だが、今日は晴れて、太陽の光がふりそそぐ。
水面が光って、きれいに見える。
水は、緑に見える。
これをメインに描こうと思う。
鉛筆で下書き、と思ったが、めんどうくさい。
そのまま、パレットの上で混色し、適当に水をまぜて、描いてみる。
「水、水色じゃないね」
息子が言う。
水色を描くと、絵らしくなるが、事実とはちがってくる。
事実に沿って描こうとすると、水が、緑色になってしまう。
事実は緑でも、
「水色で描こうよ。頭の中のイメージを。目の前の景色はヒント。頭の中のモノを描こうよ。」
と言って、水色をチューブからひねりだした。
息子は、安心して描き始めた。
それでいいのだ。
頭の中の世界を描こう。その方がおもしろい。写真じゃないもの。
新しい絵の会では、見たとおり描こう、ということでやっていた。
子どもは素直に事実にしたがうしかなくなる。
それはそれでいい絵になるし、
「見たとおり描こうとしてがんばったね」
という講評をいただいて、よかった。
でも、それだけがよさ、ではない。
絵を戸外で描く。
この気持ちよさを最初に感じたい。
頭の中のものを、ズバッと白いスケッチブックに描く方が、落書きにちかい。気楽だ。なによりも、たのしいし、おもしろい。

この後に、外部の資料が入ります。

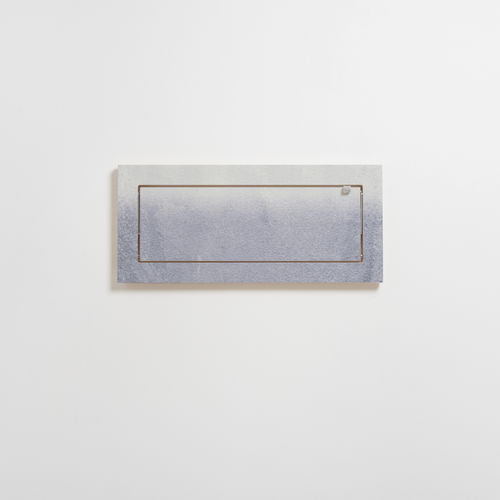壁挂置物架 - FLÄPPS REGAL 60X27-1 ART COLLECTION - AMBIVALENZ - 可调节 / 现代风格 / 漆木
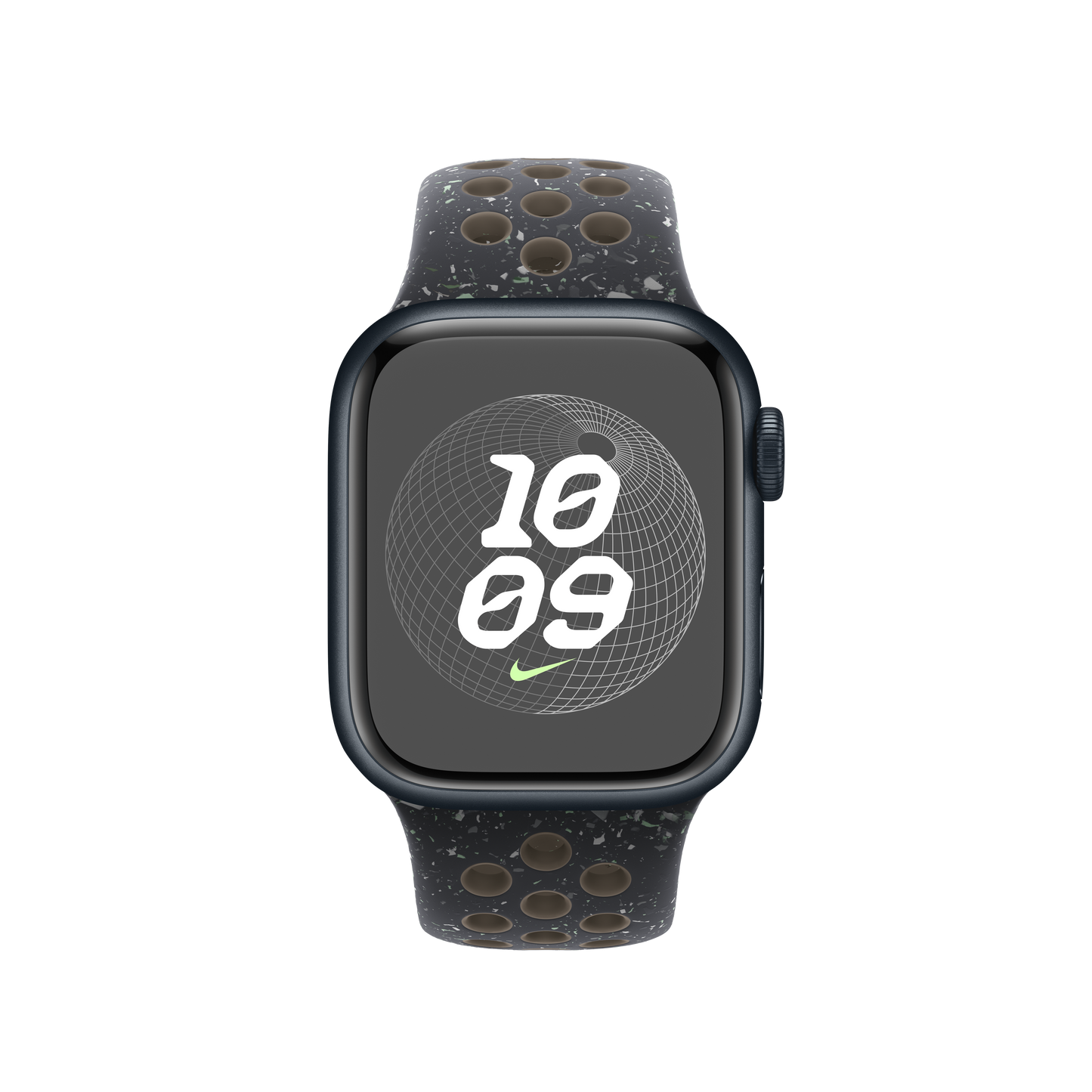41mm éjfekete égboltkék Nike sportszíj – S/M - iSTYLE HU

息子は、妙な蜂だかアブだかが目の前に飛んできたので、それも丹念に描いていた。
とちゅうでヘリコプターの音がして、空を飛んで行った。
それを見つけると、
「あ、ヘリコプターも描いておこう」
と言って、描いていた。
それは事実とは異なる高度に描かれ、もう少しで人物の額にぶちあたる高さに描かれたが、息子はもうすっかり、絵を描くことを味わっているようすであった。
印象派でいいじゃん。悪口からスタートした印象派だって、今や世界中で評価されてんだもの。額の高さにヘリが飛んでいたって、いいではないか。
2時間ほどで、すっかり描き上げた。
さすがに直射日光の下にいると暑いので、大きな木の下で描く。
適度に日射しがやわらいで、快適にすごせた。
もってきたポリタンクの水でふでを洗い、塩だけのおにぎりを2つ食べた。
だれもいない。
お茶を飲んでいると、目の前に、カヌーの人が2組、通り過ぎた。
「あー、カヌーの人、描けばよかった」
もう筆もパレットも、しまってしまった。
描きたい気持ちが湧き出てくるのが本当。
だとしたら、どんな声かけが、子どもにとって、いいと言えるのだろう。
自宅から30分ほどの場所。
国道から少し歩いて入っただけの場所なのに、人のいない空間になっている。
そして、カモがおよぎ、カヌーが通り過ぎ、カラスアゲハと芋虫とミツバチが訪れた。
「行こうぜ」
帰ろうとすると、それまで黙っていた息子がぽつりと、
「マクドナルドが食べたい」
途中に、店があったらしい。
この年になると、まったくハンバーガーなど食べたくなくなるが、子どもはちがうようだ。
「ポテトがいい」
お目当ては、ポテトらしい。
空を見上げると、薄い水色。
遠くには山。
川の音、水の音。
まあ、たまにはマックでもいいか。